Debra Granik, who is flying into Cannes for Sunday’s Directors Fortnight screening of her acclaimed drama Leave No Trace, will be on the Croisette to take meetings on her upcoming Nickel And Dimed.
The narrative project marks the latest entry in Granik’s oeuvre about marginalised figures in US society. It is based on author and political activist Barbara Ehrenreich’s 2001 book Nickel And Dimed: On (Not) Getting By In America.
The book explores the impact of the 1996 Welfare Reform Act on the working poor in the US. Granik has an early script and referenced Ken Loach’s I, Daniel Blake as she looks to bring on partners and attract financing for the project.

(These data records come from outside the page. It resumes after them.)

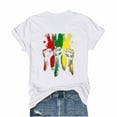 thumbnail image 6 of Raeneomay Oversized T Shirts for Women Fashion Printed Short Sleeved Round Neck Top, 6 of 6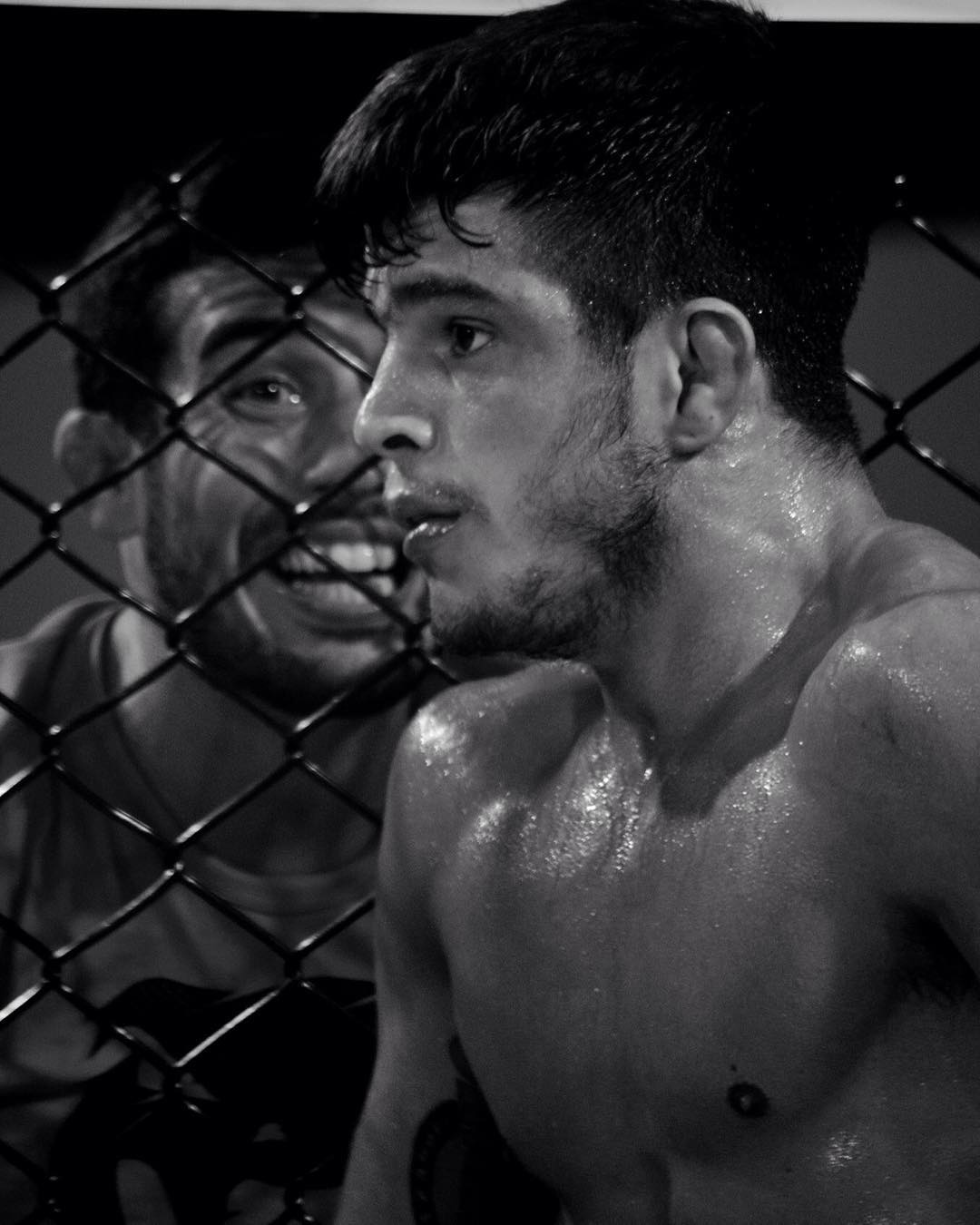 Agustín training in Brazil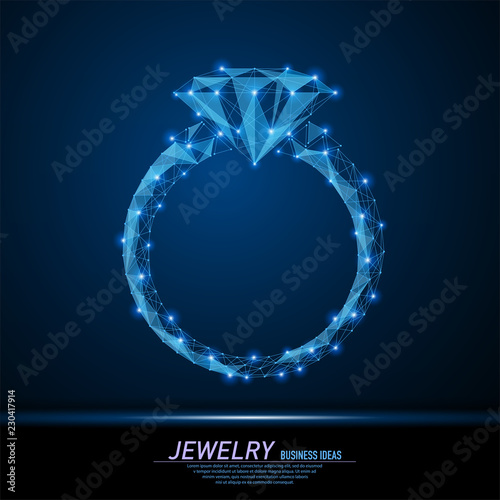 Diamond engagement ring sign
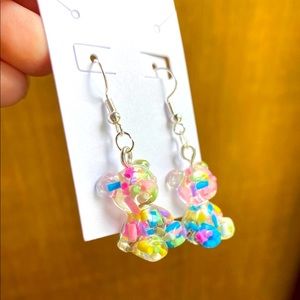 gummy sprinkle earrings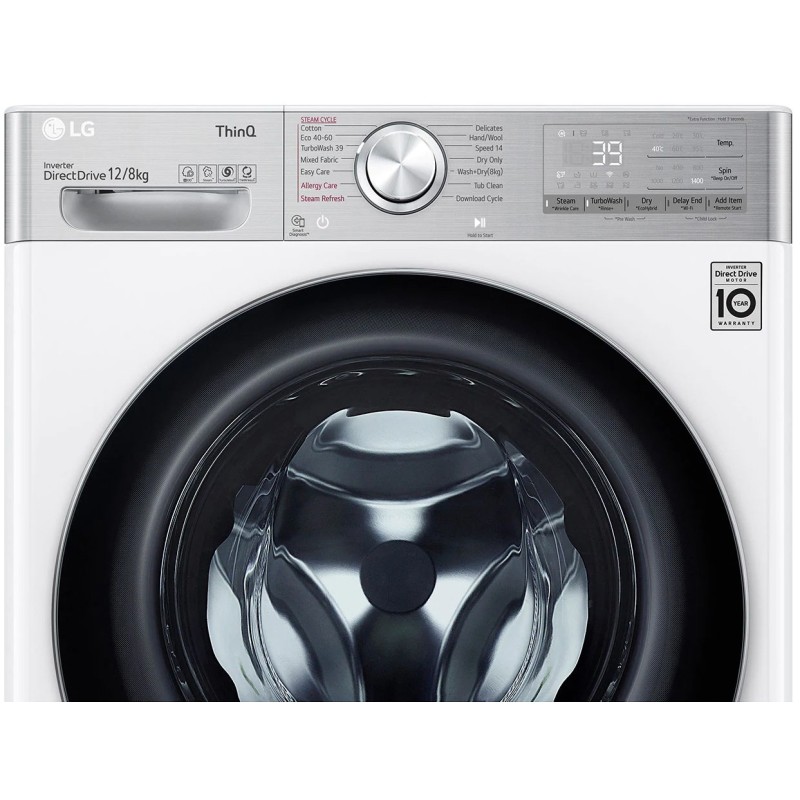 ماشین لباسشویی و خشک کن ال جی WDV1260BRP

“It’s about the lives of ordinary working Americans in the service economy,” she said. “It doesn’t dwell on their ‘down-and-outness’; it’s about that thing that gets people back up again. I call this a love letter to New Jersey.
“There’s this dirty four-letter word in our country [the US] – poor. It freaks us out. Its hard to depict people who don’t always have a nice day, but you can’t help but love them.”

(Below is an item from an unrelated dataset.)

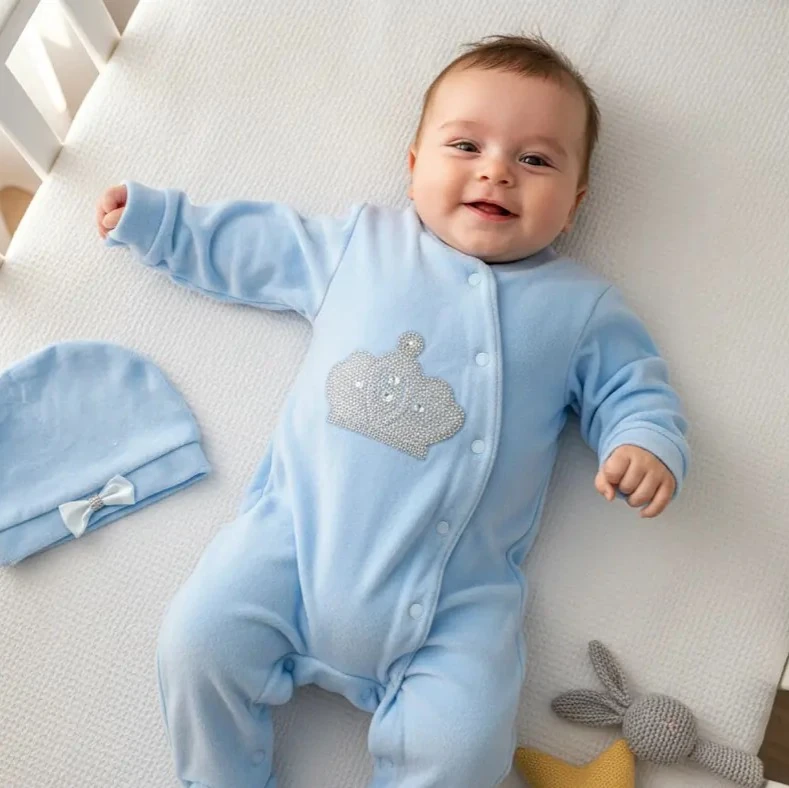 Organik Pamuk Bebek Tulum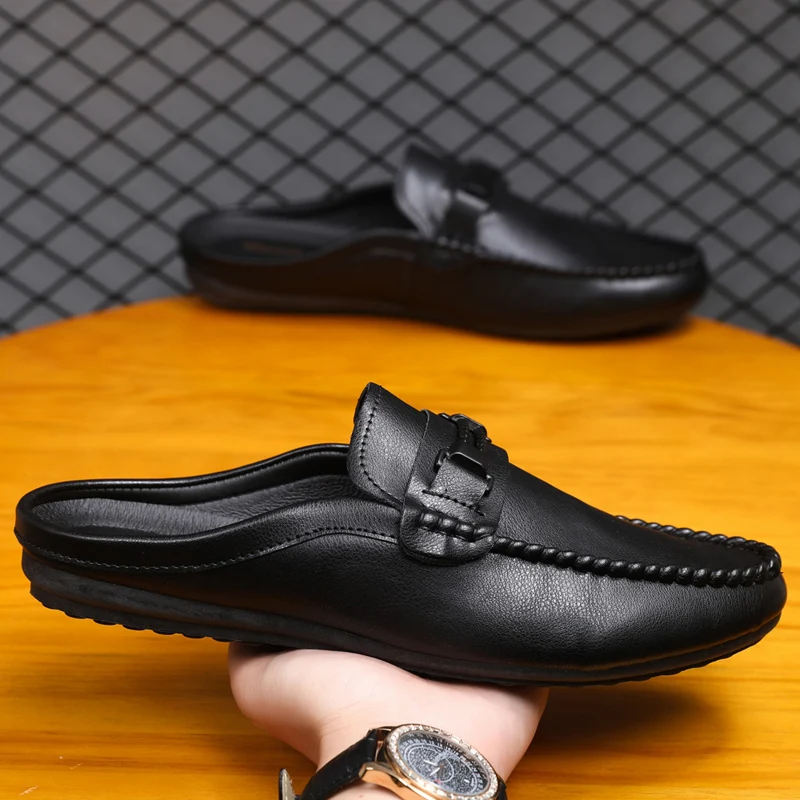 Demi-pantoufles d'été pour hom - Men'S Shoes Comfortable Walking avis et prix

Granik is also finishing a documentary focusing on a group of men in the New York area as they attempt to reassimilate into society after incarceration.
Leave No Trace stars Ben Foster and newcomer Thomsin McKenzie as father and daughter living off the grid in the Forest Park nature reserve near Portland, Oregon, whose lives are changed when they are detected by park rangers.